Зи-Зи обогнула кровать и рывком сдернула простыню. Девушка была совсем без одежды, и это тоже ничуть не удивило Сашу. Он продолжал стоять, уставясь на незнакомое доселе зрелище. Душа его ничем не отозвалась, зато тело среагировало в ту же секунду.

Когда простыня отлетела в сторону, девушка вздрогнула всем телом и закусила губу. Зи-Зи взяла Сашу за руку и подвела к постели. Она усадила его на край, заставила раскрыть ладонь и стала водить ею по обнаженному девичьему телу. Девушка смотрела Саше прямо в глаза, все так же закусив губу, словно о чем-то просила.

— Ты знаешь-аешь-аешь, чего-о-о она хо-чет-очет-очет?

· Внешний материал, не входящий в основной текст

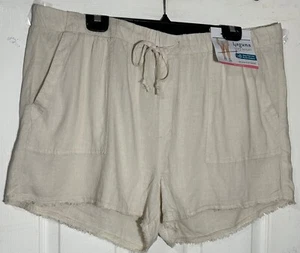 Seven 7 women Lounge 2X Short Stretch linen raw finish side and back pockets New - Picture 1 of 5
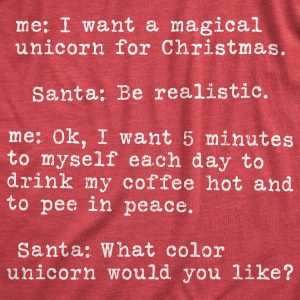 Womens Magical Unicorn For Christmas Tshirt Hilarious Holiday Tee 2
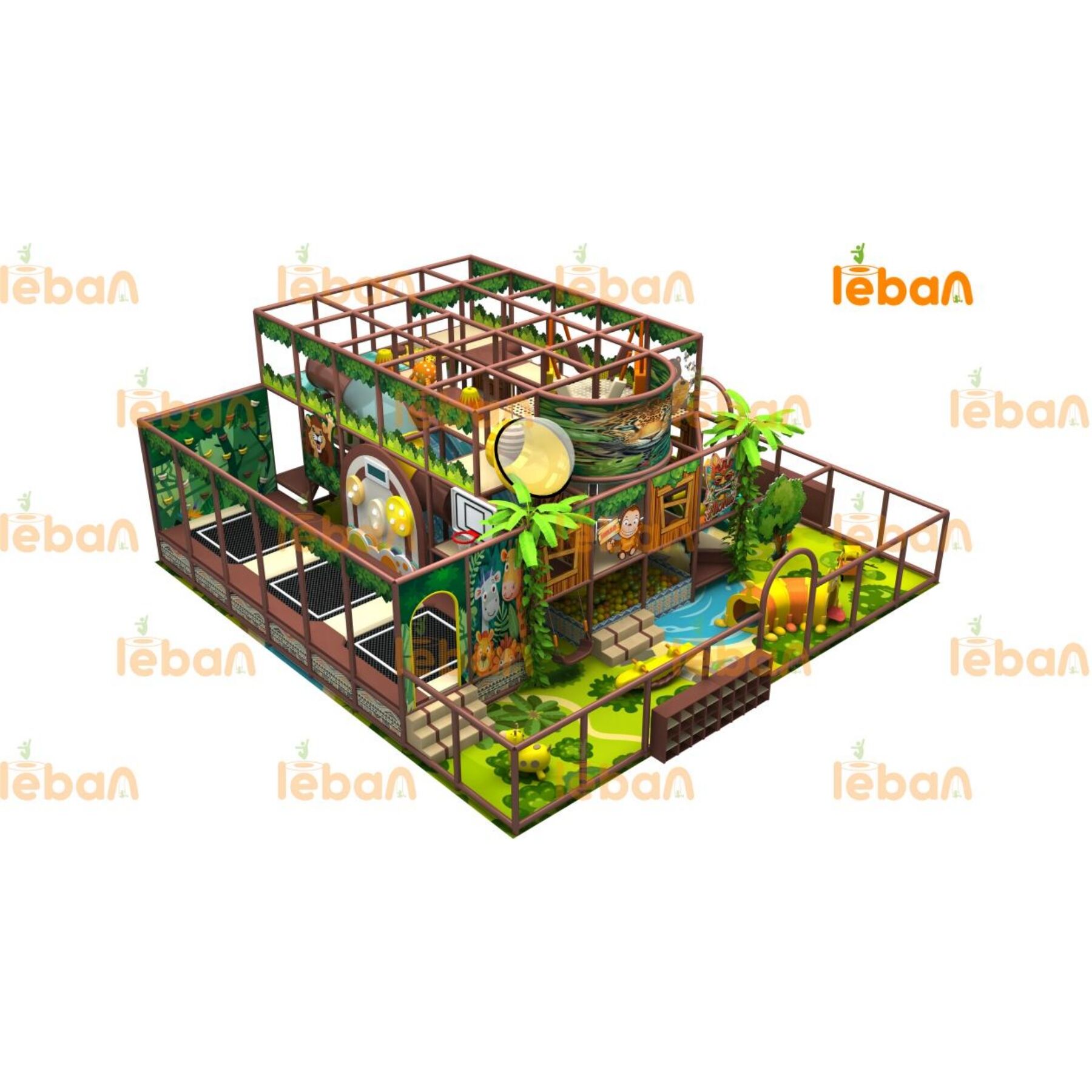 ملعب داخلي بتصميم مستوحى من الغابة: حيث يلتقي المغامرة بالخيال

Пока до Саши долетел этот вопрос, Зи-Зи уже протягивала ему раздвоенную плетку. «Бей!» То ли она приказала ему, то ли он сам, не дожидаясь ее слов, слегка замахнувшись, опустил короткое жало плетки на грудь девушки. «Еще!» Он не заставил себя упрашивать. Это было чудное зрелище — как она извивалась и сладострастно стонала под его ударами, как ее тело покрывали короткие красные полоски. Ему показалось, что еще минута — и его разорвет накопившееся изнутри напряжение. В этот момент чьи-то умелые руки быстро стали расстегивать его одежду…


— Где он?

— Спит.

— Как прошло?

— Замечательно. Он ведь сын своего отца. — Зи-Зи прижалась покрепче к Герману, но тот отстранился.

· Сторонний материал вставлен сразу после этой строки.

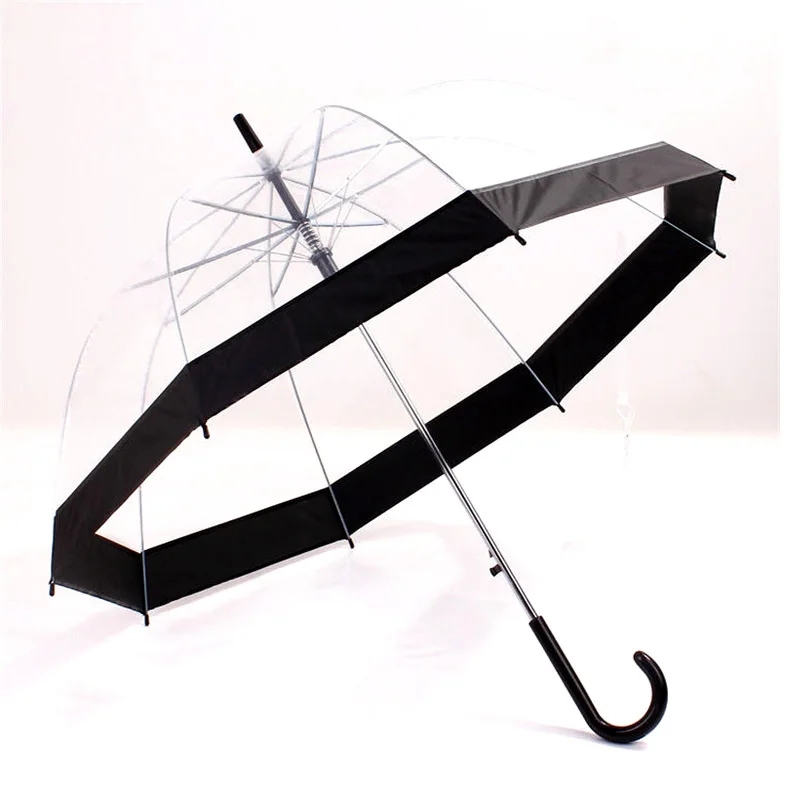 Маленький прозрачный зонтик Hu Son, архитектурный зонтик с длинной ручкой, кружевной зонтик, прозрачный зонтик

— Я хочу посмотреть на него.

Зи-Зи провела Германа через залу в комнату, где на огромной кровати крепко спал, заботливо укрытый теплым одеялом, мальчик. Лицо его было бледным, лоб покрыт капельками нота, а из чуть приоткрытого рта вырывалось прерывистое, с хрипотцой дыхание.

— Не переборщила с опием? — строго спросил Герман, не отрывая глаз от мальчика.

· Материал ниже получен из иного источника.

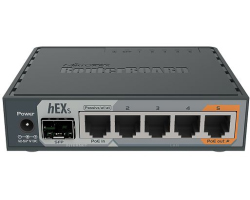 Mikrotik RB760iGS hEX S with Dual Core 880MHz MHz CPU, 256MB RAM, 5×G-LAN, SFP, USB, PoE-out-port #5, RouterOS L4, plastično kučište, PSU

— Что ты, ему и половины хватило…

— Смотри!

— Что теперь?

Герман осторожно закрыл дверь в комнату и пошел обратно через залу.

— Теперь привечай его почаще, балуй. Но чтобы никакой сердечности. Он должен стать мужчиной без сердца…

— Как ты? — спросила Зи-Зи с легким вызовом.

Он посмотрел на нее и улыбнулся.

— Неужели ты обо мне такого мнения? Пойдем-ка я докажу тебе обратное.

Зи-Зи тихо застонала и, опираясь о его руку, всем телом привалившись к нему, заглянула украдкой Герману в глаза. Взгляд был отстраненный и такой же холодный, как обычно. Она не занимала в его сердце и десятой толики места. Просто нужна была женщина — не все ли равно какая. Случайно ею оказалась Зинаида. А теперь он хочет, чтобы и мальчик… «Ну нет. Мальчик таким не станет! Чтобы не пришлось кому-нибудь еще так же мучиться…» — решила Зи-Зи.

Зи-Зи любила Германа с того рокового вечера, когда он впервые ввалился к ней в дом. Он принес с собой облако морозной декабрьской ночи с привкусом гари. Ввалился он, похоже, наугад, уходя от погони то ли реальной, то ли воображаемой. Готов был и напугать, и умолять хозяйку впустить его, оставить на ночь. Но ни пугать, ни уламывать не пришлось. Когда Герман узнал, что попал в дом свиданий, он с облегчением прошептал: «Ну и везет!»

Тогда, в тридцать седьмом году, семь лет назад, он накуролесил здесь основательно. Было в сто жизни нечто такое, что не давало ему покоя, делало необузданным в мести неизвестно кому.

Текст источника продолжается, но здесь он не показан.